How to Calculate Mean Maintenance Cost (Step by Step)
MMC = Total Maintenance Cost ÷ Number of Maintenance Events
That means if you spent $120,000 on 80 maintenance tasks over a quarter, your MMC would be: MMC = 120,000 ÷ 80 = $1,500 per event
You can also calculate cost per failure, per asset, or by department, depending on the insight you want.
What Is Mean Maintenance Cost (MMC)?
Mean Maintenance Cost (MMC) is the average amount you spend on each maintenance event, whether it's a routine inspection, a repair, or a full corrective task. It’s more than just a budgeting metric as it works as a reflection of how efficiently your team is using time, labor, and parts to keep assets running.
Tracking MMC reveals whether your maintenance strategy is cost-effective or bloated with reactive work and hidden inefficiencies.
Why Does MMC Matter in Maintenance Strategy?
The average cost reveals your team's true efficiency. A rising MMC can point to reactive work, poor planning, or excessive time spent on low-value repairs. It helps teams question if they’re spending too much to keep certain assets running, and whether those assets are worth saving at all.

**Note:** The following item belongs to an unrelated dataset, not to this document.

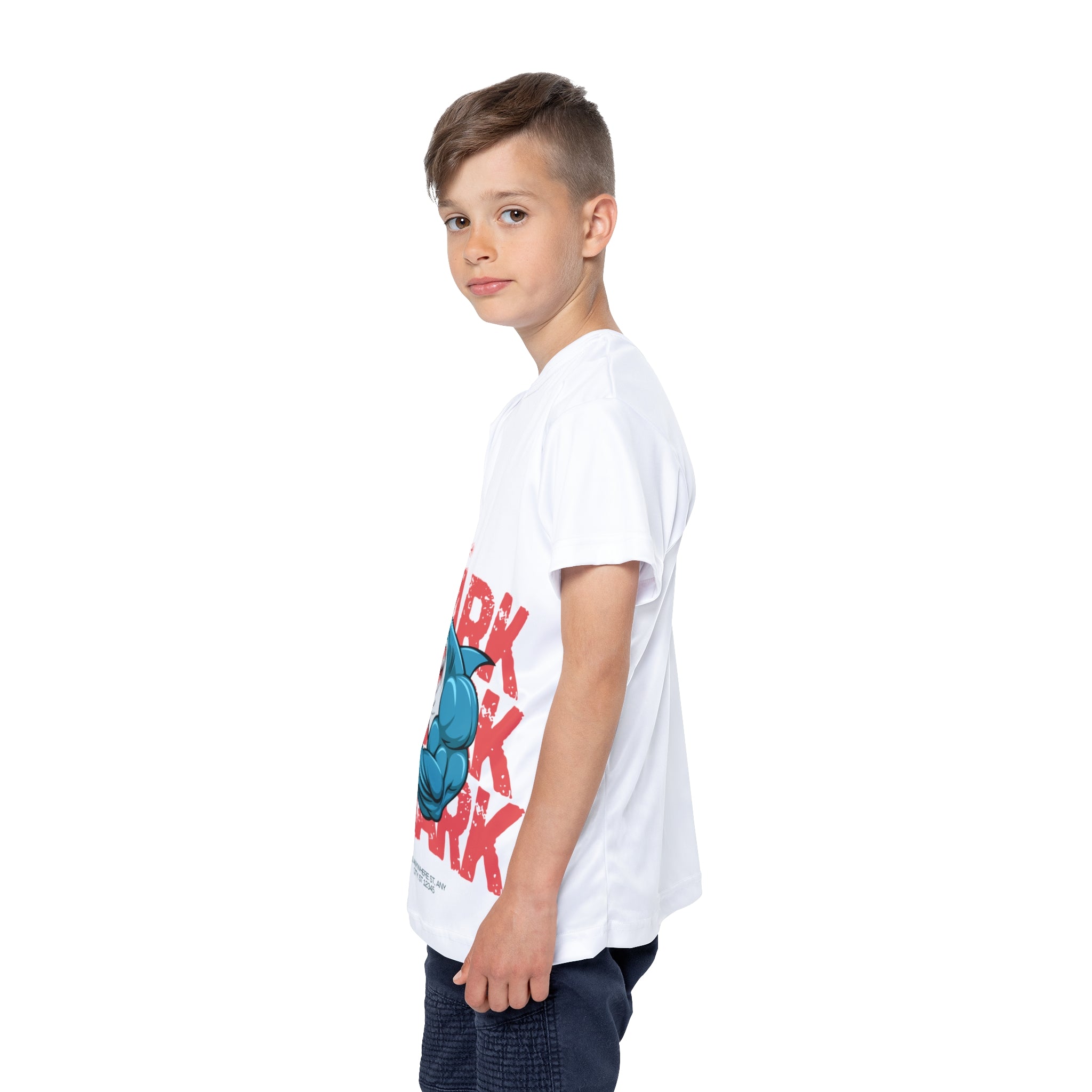 Kids Shark Sports Jersey — Muscular Shark Graphic Athletic Tee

It does more than just tracking. At the end of the day, the MMC helps your team make smarter decisions with every dollar.

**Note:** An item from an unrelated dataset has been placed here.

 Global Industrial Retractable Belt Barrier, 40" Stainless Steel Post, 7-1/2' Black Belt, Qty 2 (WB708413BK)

What’s a Good MMC Benchmark?
That depends on your asset type, failure rate, and maintenance model, but what really matters is the trend. If your MMC is rising steadily, or significantly higher on some machines than others, it’s a sign that cost control is slipping.
The goal isn’t to hit an ideal number, but to reduce waste, rebalance priorities, and stop investing blindly.
What Causes High MMC?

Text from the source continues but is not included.